**What the task requires**
Print only the lines below, from the very first to the one containing "Рома, 40, Фрязине — анкета №3901451", exactly as they stand. Do not print pictures.

———

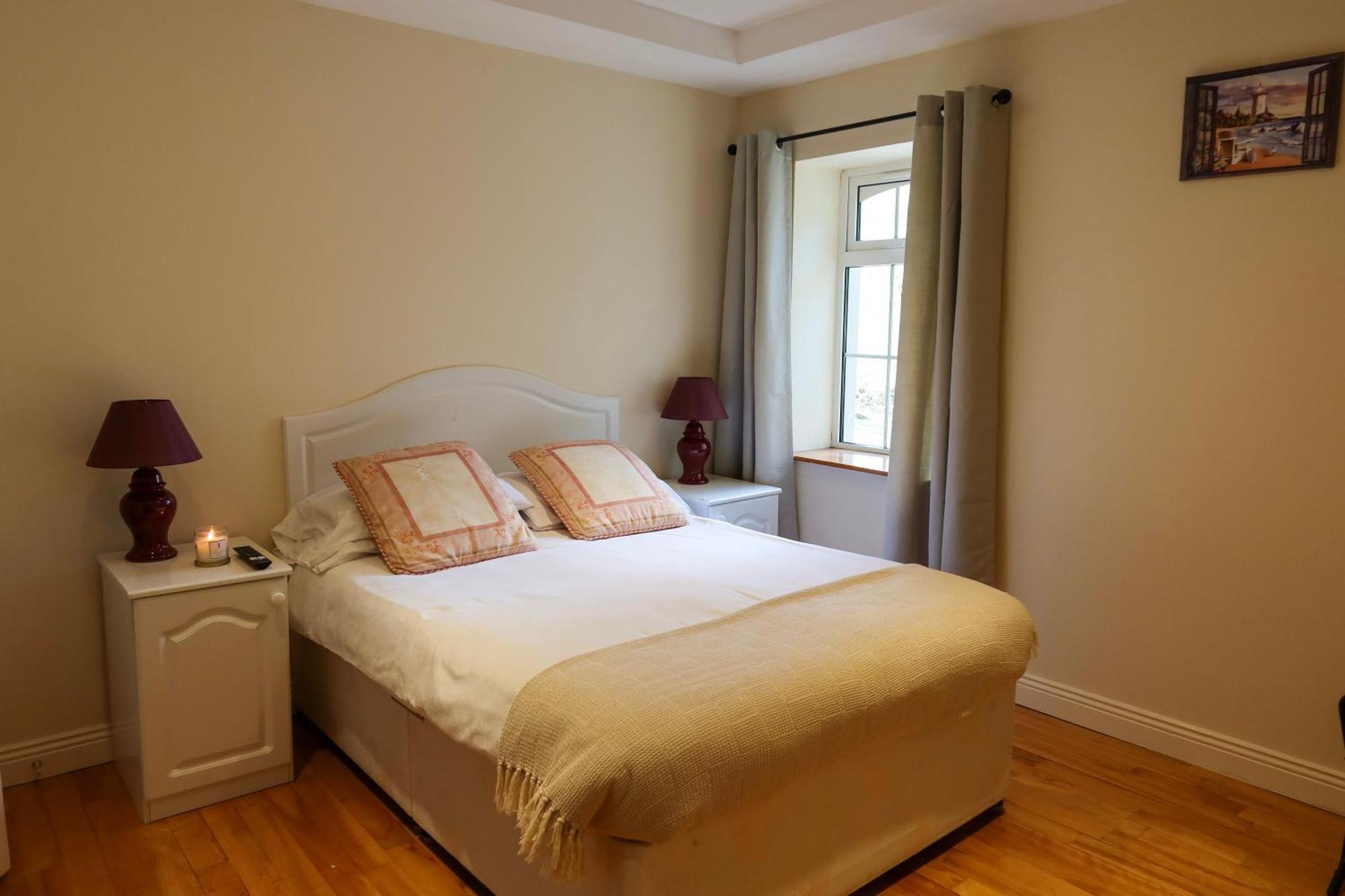 Woodville Lodge Guesthouse Килларни Экстерьер фото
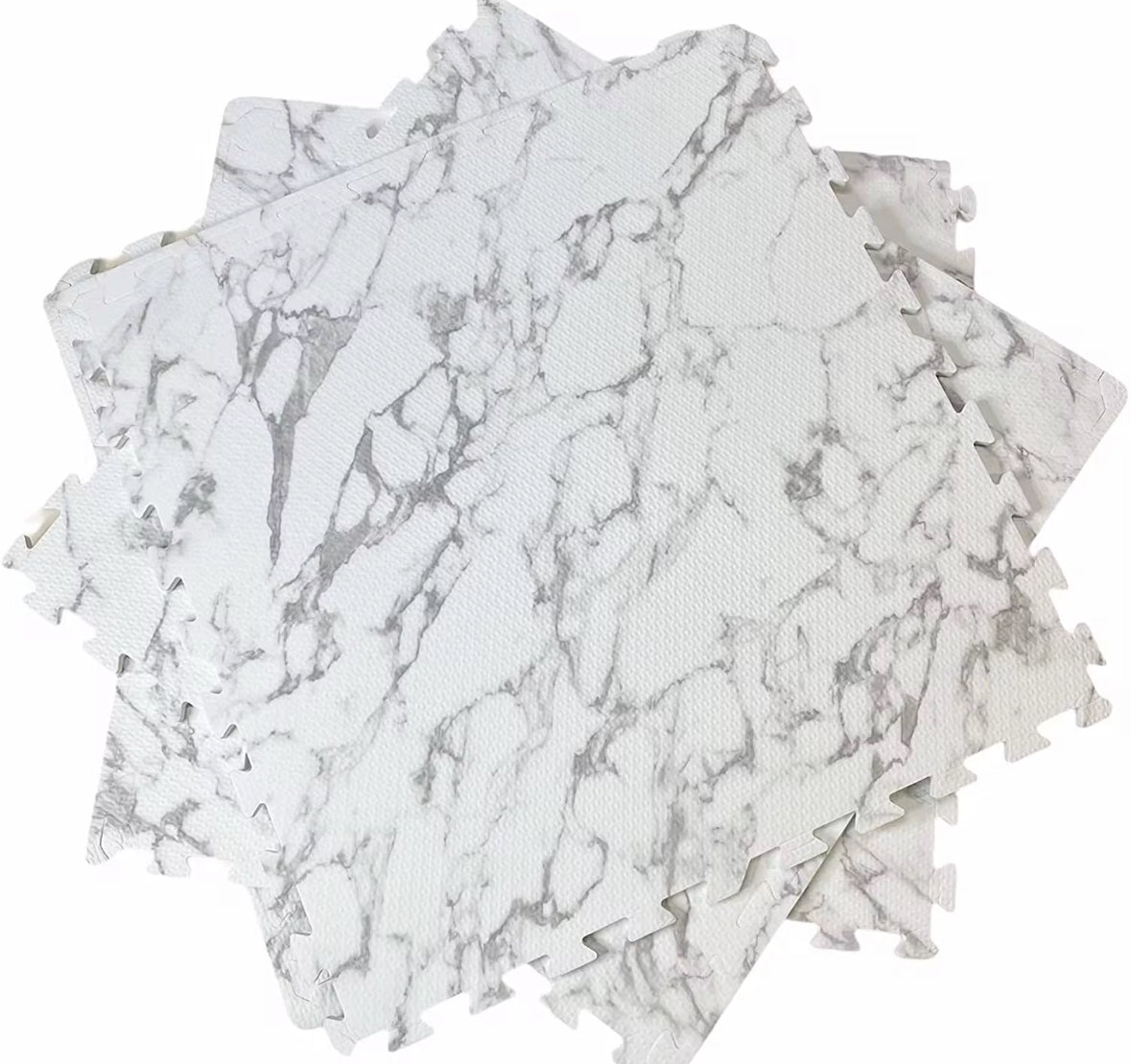 Puzles paklājs mazuļiem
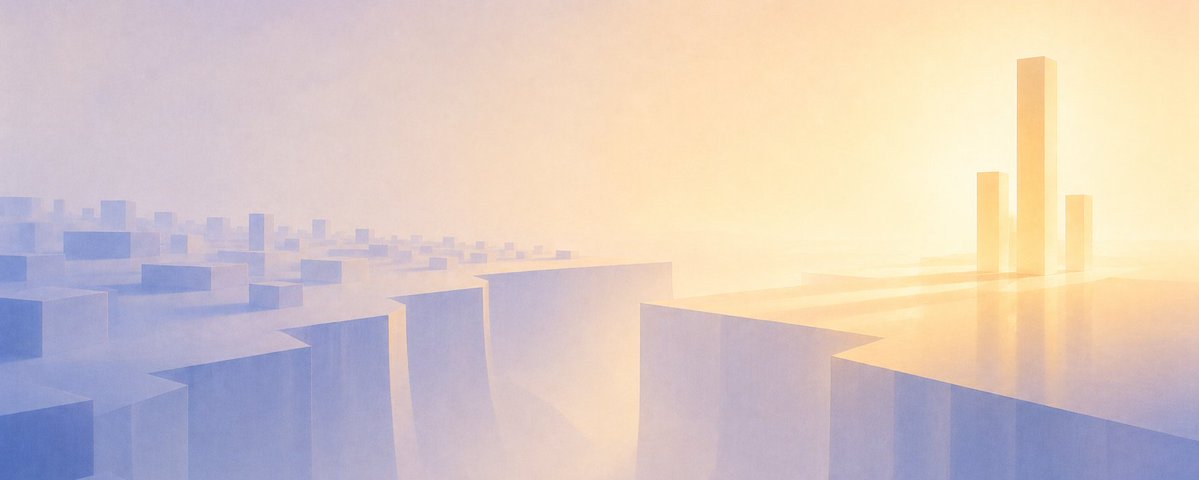 The new valley (8 minute read)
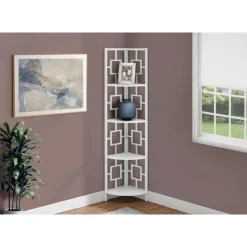 Monarch Bookcase - 62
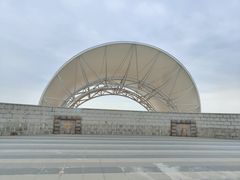 -奉贤海滩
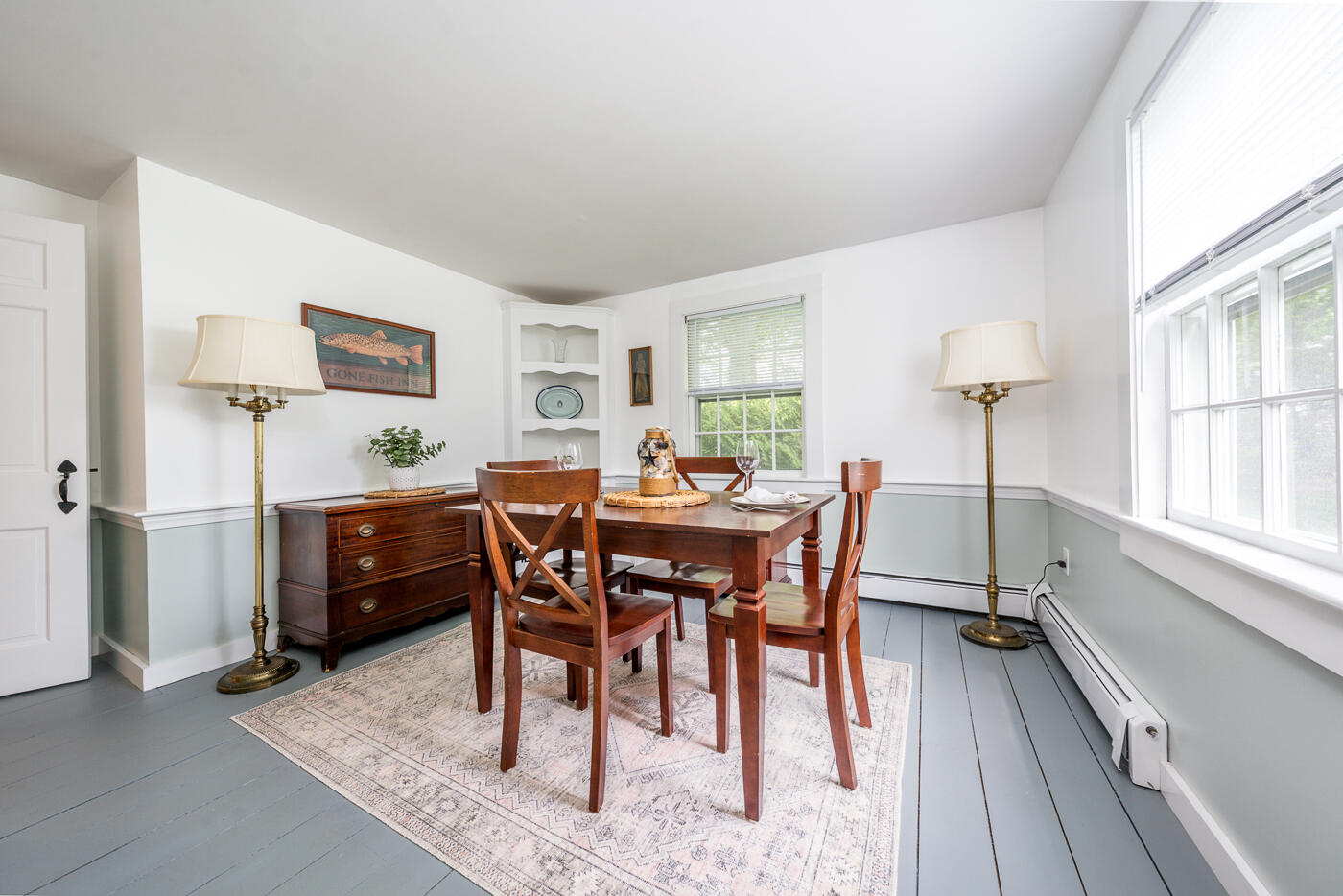 264 Route 28 Harwich, MA 02646 - Photo 18 of 39 a view of a dining room with furniture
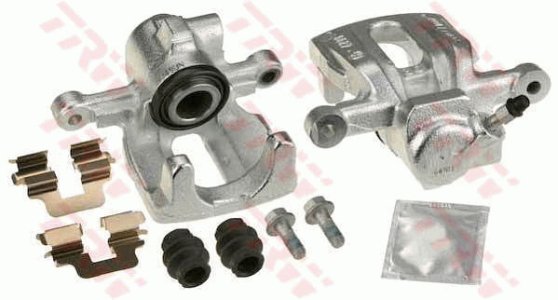 Zacisk hamulcowy TRW BHP200E 4144200083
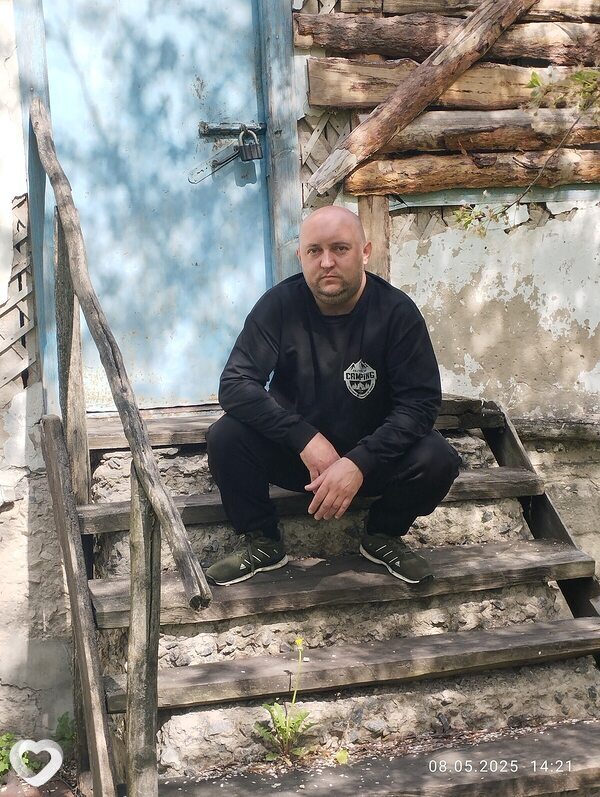 Рома, 40, Фрязине — анкета №3901451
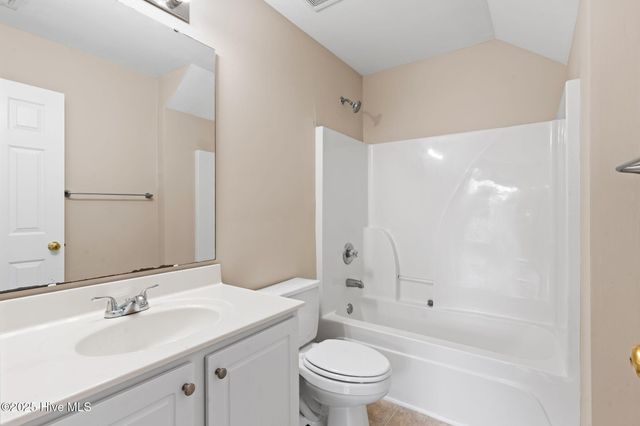 7 Cattle Run Lane, Carolina Shores, NC 28467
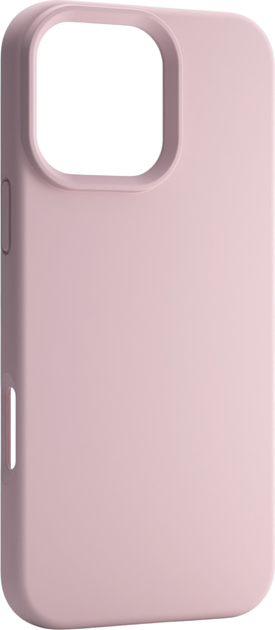 Etui plecki Etteri Silicone Mag do Apple iPhone 15 6.1 Light pink (GSM185991) - obraz 3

———

**Answer to this problem**
 Woodville Lodge Guesthouse Килларни Экстерьер фото
 Puzles paklājs mazuļiem
 The new valley (8 minute read)
 Monarch Bookcase - 62
 -奉贤海滩
 264 Route 28 Harwich, MA 02646 - Photo 18 of 39 a view of a dining room with furniture
 Zacisk hamulcowy TRW BHP200E 4144200083
 Рома, 40, Фрязине — анкета №3901451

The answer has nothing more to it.